**Required work:**
Set down exactly the lines running from the one with "Chippin Fish &" to the last line of the listing below, both included, and skip every picture.

....................

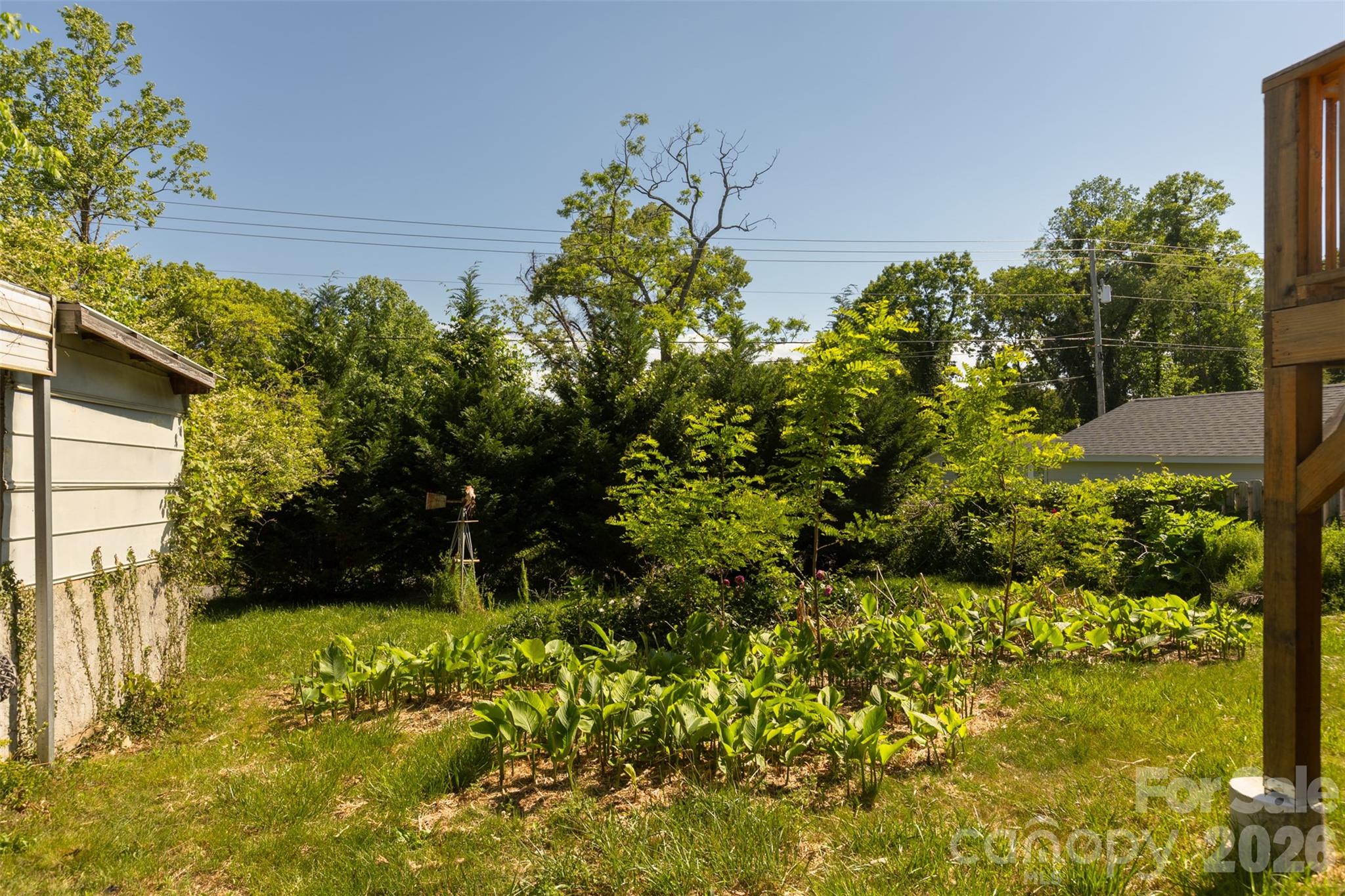 15 Walton Street Asheville NC 28801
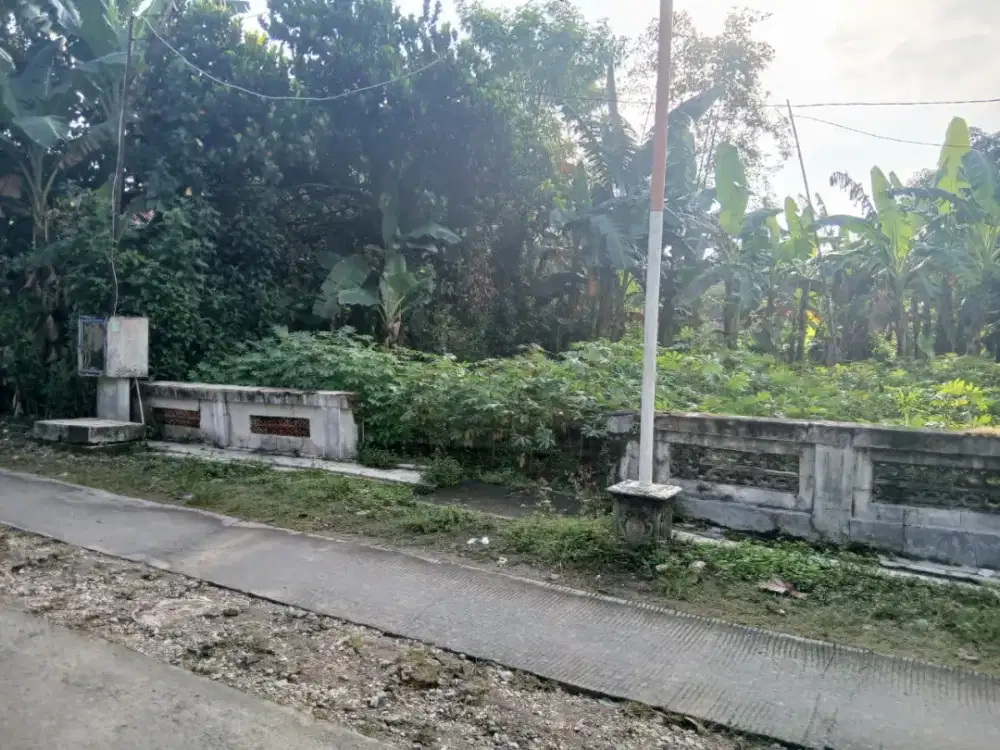 Dijual Tanah Luas Murah di Tawangharjo Purwodadi Nego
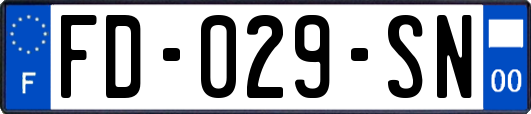 FD-029-SN
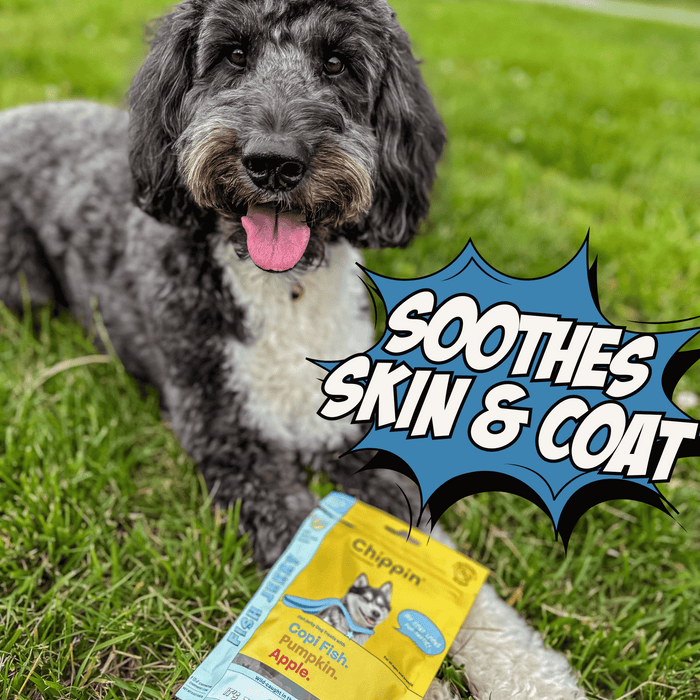 Chippin Fish & Veggie Variety Pack - Dog Treats Bundle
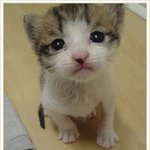 이거 멘사퀴즈에서 나왔던거;;;(수정)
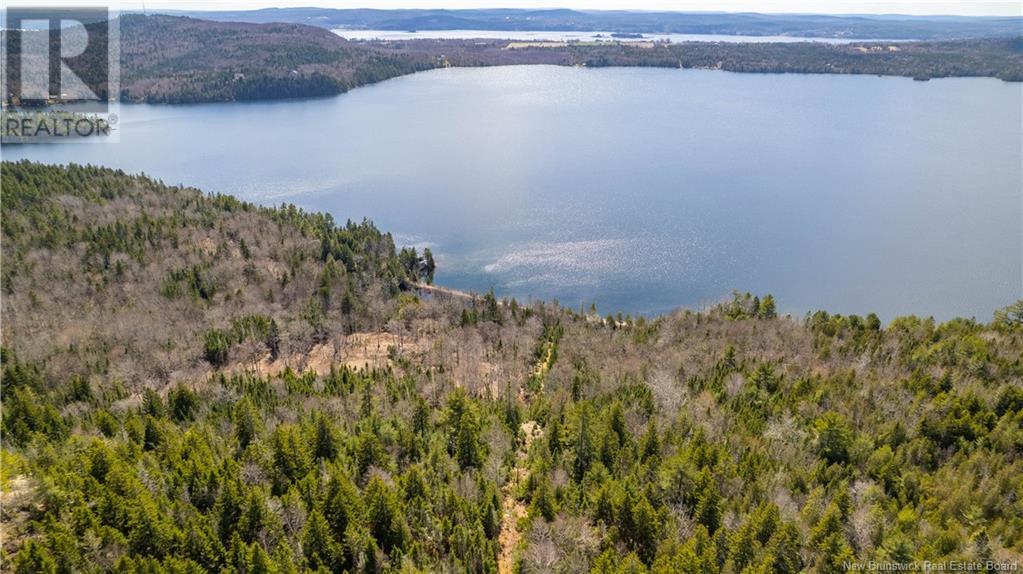 Lot 2021-01 And 02 Frye Road, Chamcook, New Brunswick  E5B 0C3 - Photo 13 - NB117111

....................

**Output:**
 Chippin Fish & Veggie Variety Pack - Dog Treats Bundle
 이거 멘사퀴즈에서 나왔던거;;;(수정)
 Lot 2021-01 And 02 Frye Road, Chamcook, New Brunswick  E5B 0C3 - Photo 13 - NB117111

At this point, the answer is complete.